On the origin of magnetic anisotropy of FeCo(Nb)B alloy thin films: A thermal annealing study

Influence of thermal annealing on the ion beam sputtered FeCo(Nb)B quaternary alloy thin films having thickness similar to 20 nm and 80 nm was investigated. Regardless of amorphous microstructure, the as-deposited films possess uniaxial magnetic anisotropy (UMA) in the film plane. Annealing at temperature similar to 503 K results in amorphous to nanocrystalline phase transformation with precipitation of bcc-FeCo phase. With increasing annealing temperature, magnetic anisotropy gradually decreases and thermal annealing at 773 K results in complete disappearance of UMA. In-plane strain distribution in such nanocrystalline FeCo(Nb)B thin films was obtained by using laboratory and synchrotron X-ray diffraction (XRD) measurements. In-plane and out-of-plane X-ray diffraction measurements suggest, growth induced long range non-uniform tensile stress, as the possible origin of in-plane uniaxial magnetic anisotropy in such films.
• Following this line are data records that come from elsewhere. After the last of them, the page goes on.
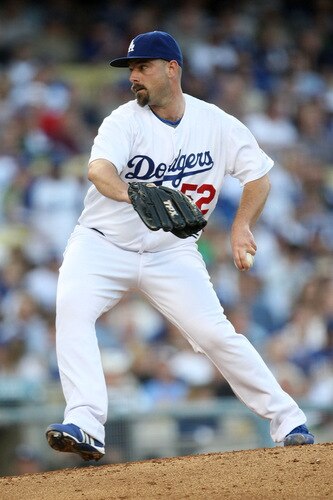 LOS ANGELES, CA - OCTOBER 08:  George Sherrill #52 of the Los Angeles Dodgers on the mound in the ninth inning against the St. Louis Cardinals in Game Two of the NLDS during the 2009 MLB Playoffs at Dodger Stadium on October 8, 2009 in Los Angeles, California. The Dodgers defeated the Cardinals 3-2 to take a 2-0 series lead.  <br /><br /><span class="help">(Photo by Stephen Dunn/Getty Images)</span>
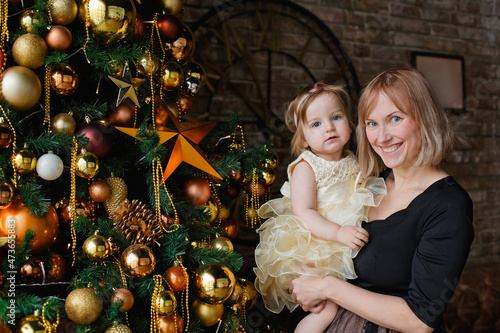 A blonde mother in a black dress and a little daughter near a Christmas tree with golden balls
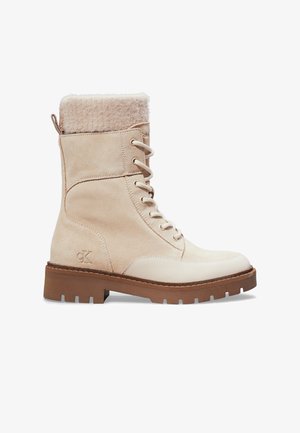 Beige ruskind ankelstøvler med snørebånd, blød pelskrave, gummisål og lyse farver. Har et logo på ydersiden.
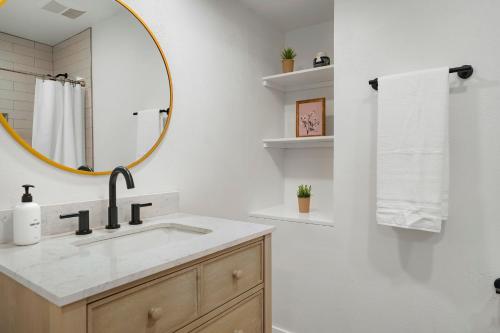 a bathroom with a sink and a mirror at Large Home, 2 Living Rooms, Great for Family/Pets! in Arvada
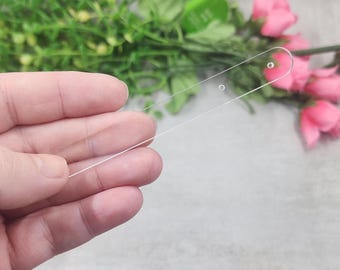 May include: A clear, rectangular acrylic nail swatch with two small holes near the rounded end. The swatch is held in a hand, with a blurred background of pink flowers and green foliage.
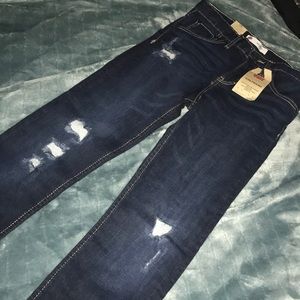 Mid Rise GIRLFRIEND ripped jeans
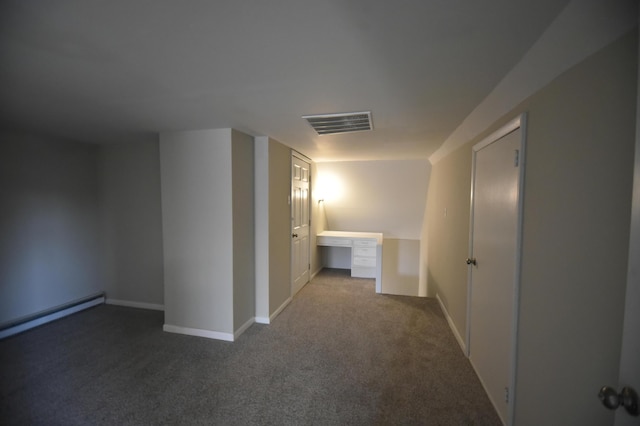 hallway featuring visible vents, carpet flooring, a baseboard heating unit, and baseboards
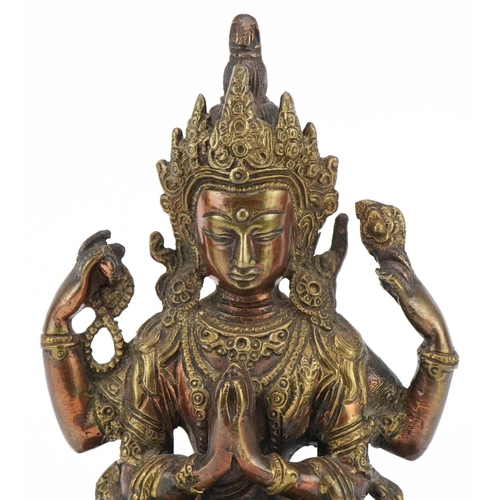 311 - Chino Tibetan partially gilt patinated bronze figure of seated Buddha, 21cm high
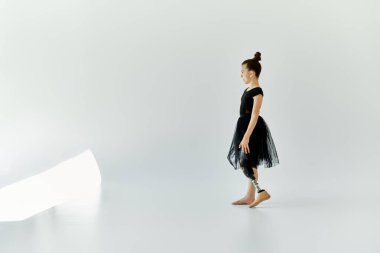 Siyah mayo ve etekli genç bir kız, beyaz bir stüdyoda protez bir bacak giyerken gücünü ve zarafetini sergiliyor..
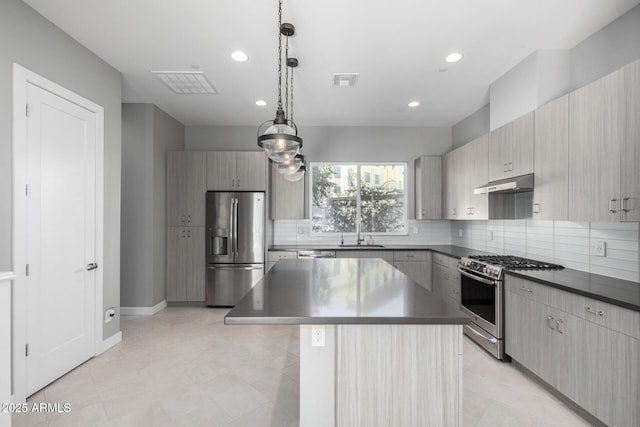 kitchen featuring sink, stainless steel appliances, backsplash, pendant lighting, and a kitchen island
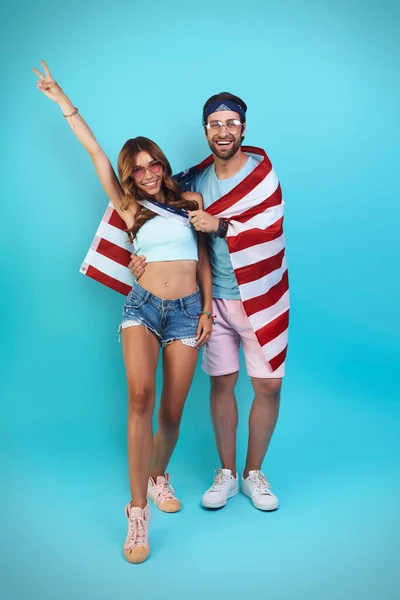 Pełna długość pięknej młodej pary pokrytej amerykańską flagą uśmiechając się stojąc na niebieskim tle — Zdjęcie stockowe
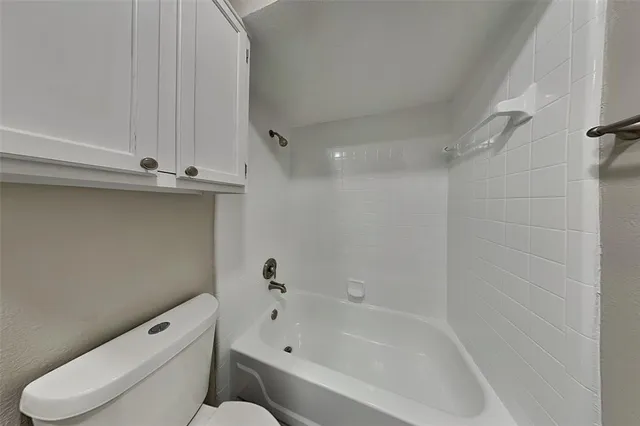 a bathroom with a toilet and bathtub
It is demonstrated that the stress distribution becomes uniform after annealing at 773 K and results in complete disappearance of magnetic anisotropy. The study further suggests that the presence of Nb in FeCoB film improves the thermal stability, inhibits grain growth and stabilizes bcc-FeCo phase up to elevated temperatures. This information is useful for magnetic tunnel junction application, where annealing of FeCoB magnetic electrode is essential.